=== TASK DETAILS ===
Exact repetition of a range: find the line containing "Barcode Image for UPC code 000314425711" and the line containing "81/40-1P Brass Keyed" in the material below, then repeat both and all lines between them, leaving pictures out.

=== AVAILABLE DATA ===
..........

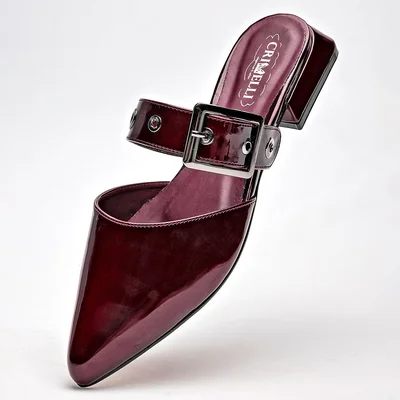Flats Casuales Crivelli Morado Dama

..........

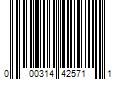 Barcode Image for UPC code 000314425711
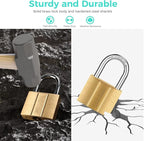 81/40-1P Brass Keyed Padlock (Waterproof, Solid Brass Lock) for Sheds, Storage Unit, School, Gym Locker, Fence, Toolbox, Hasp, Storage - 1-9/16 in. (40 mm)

..........

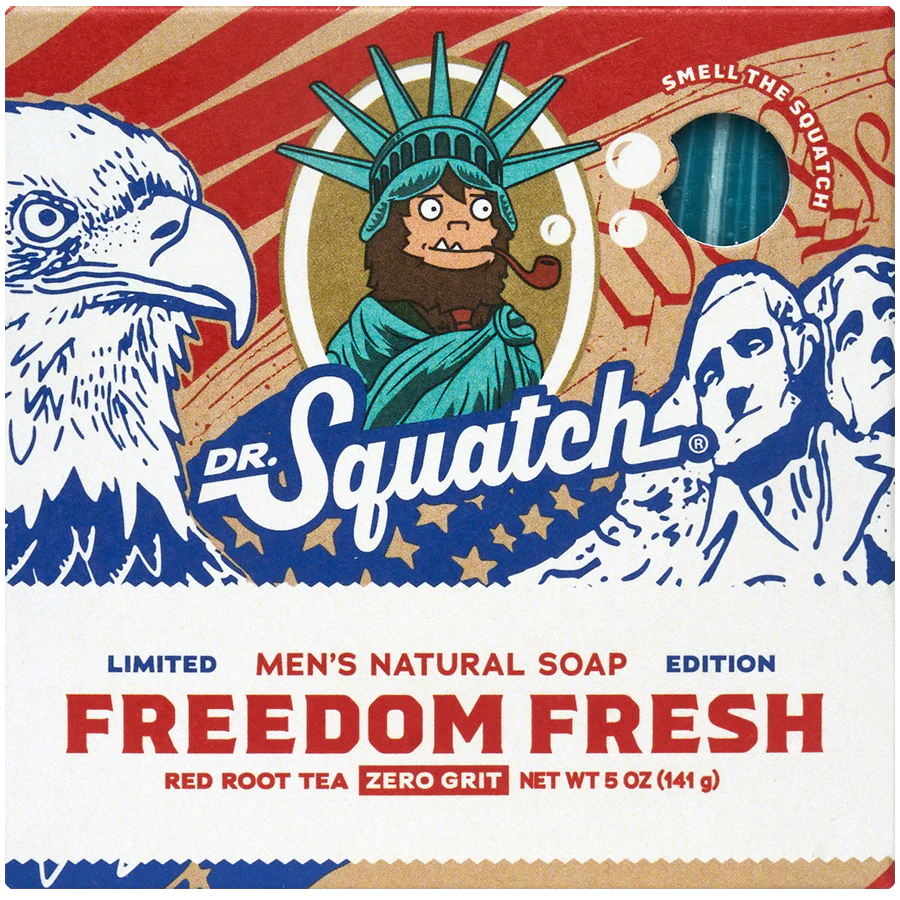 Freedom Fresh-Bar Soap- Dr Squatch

..........

=== RESULT OF THIS EXERCISE ===
 Barcode Image for UPC code 000314425711
 81/40-1P Brass Keyed Padlock (Waterproof, Solid Brass Lock) for Sheds, Storage Unit, School, Gym Locker, Fence, Toolbox, Hasp, Storage - 1-9/16 in. (40 mm)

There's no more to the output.